Using nitrogen in fertilizers in itself isn’t a problem, but for example fertilizer run off can make it a problem (especially when you use too much fertilizer). In those cases it can contaminate ground and surface water which causes problems when you want to use it as drinking water. However, the biggest problem arises from the detail that it’s a nutrient.
Higher nutrient availability in waterways can easily cause algae blooms. The waste products from these blooms can then cause a lack of oxygen as it gets used up during the break down of those waste products. Anything living in the water that relies on this oxygen then suffocates. This can kill off all life in streams and long stretches of rivers, when these nutrients reach the ocean they can cause huge dead zones. There’s not much to catch for a fisherman in those zones, and it can take some time for a region to recuperate.
These dead zones occur all over the world and are a real concern for the health of local ecosystems. Which then can jeopardize a regions ability to catch fish and subsequently harm the local economy and food production. This is why it is a reason for concern and why scientists are looking into this so we learn how to prevent it.
Which brings me to what Anthony Watts has said about nitrogen. There are two instances that I’m aware of where he litterally mocks the environmental concerns surrounding nitrogen pollution. The first one I encountered was his blog post ‘Claim: ‘Dangerous’ nitrogen pollution could be halved‘ (archived here) in which he said:
Now Nitrogen, making up 78% of Earth’s atmosphere, and a requirement for many agricultural crops is given the label of “dangerous”. I’m guessing Oxygen and the “dangerous oxidation” it causes will be next.
Its the same sort of nonsense argument we here [sic] for Carbon Dioxide, that while essential for all life on the planet, it is also a pollutant. I see a nitrogen tax in our future if this nutty idea takes hold.

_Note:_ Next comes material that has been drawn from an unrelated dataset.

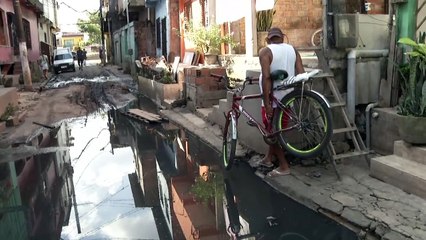 b'Alagamento no Curi Utinga'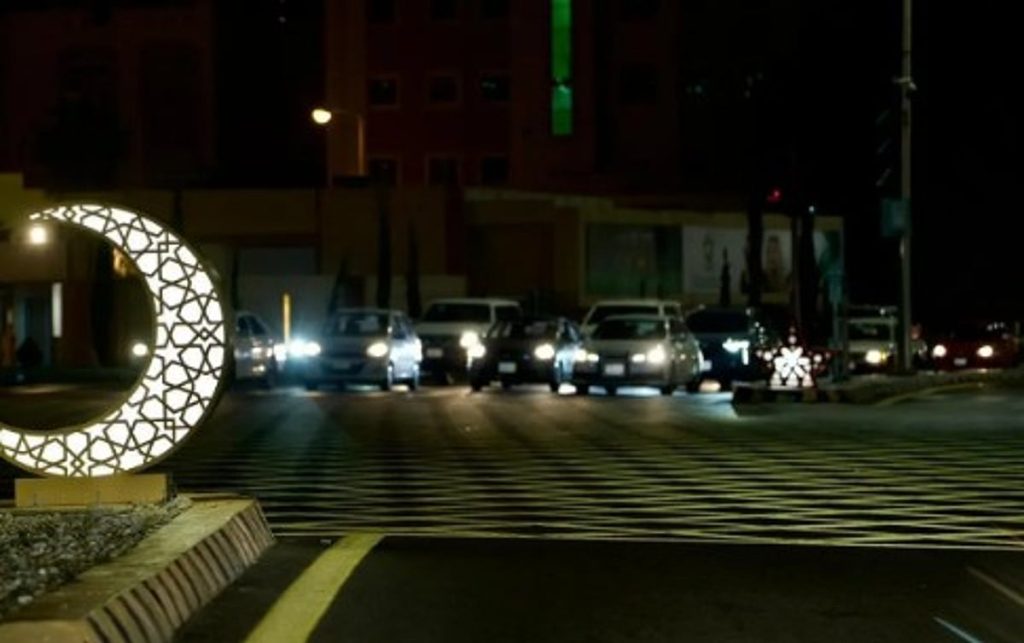 أمانة الباحة تهيئ الشوارع والميادين بحلّة رمضانية وتكثّف أعمالها الخدمية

I’ll ignore the talking point that CO2 is a plant food and therefore it’s harmless, as I already dealt with that particular one (hint: this is an oversimplification that ignores detrimental effects). So I’ll continue focussing on the mocking of the real environmental concerns surrounding too much nitrogen.
Mocking something that has visible consequences isn’t the right response. Scientists have seen the effects and have been measuring them for decades. It also hurts the economy as it causes revenue loss for the fishing industry, and any fertilizer that isn’t absorbed by crops is a loss for farmers. For them it’s literally wasted money as it doesn’t help the crops they are growing. There are also health concerns associated with pollution caused by fertilizers.
The sad thing is that all of this is either explained, or hinted at, in the articles Watts mocked. It wouldn’t take that much effort to verify that this isn’t an unsupported claim. Although I’m not surprised that Watts did this, he seems to have a knee-jerk reaction every time he encounters an environmental issue. Which then makes him reject valid science, despite overwhelming evidence. It’s also the reason why you always should take anything published on Watts’ website with a grain of salt.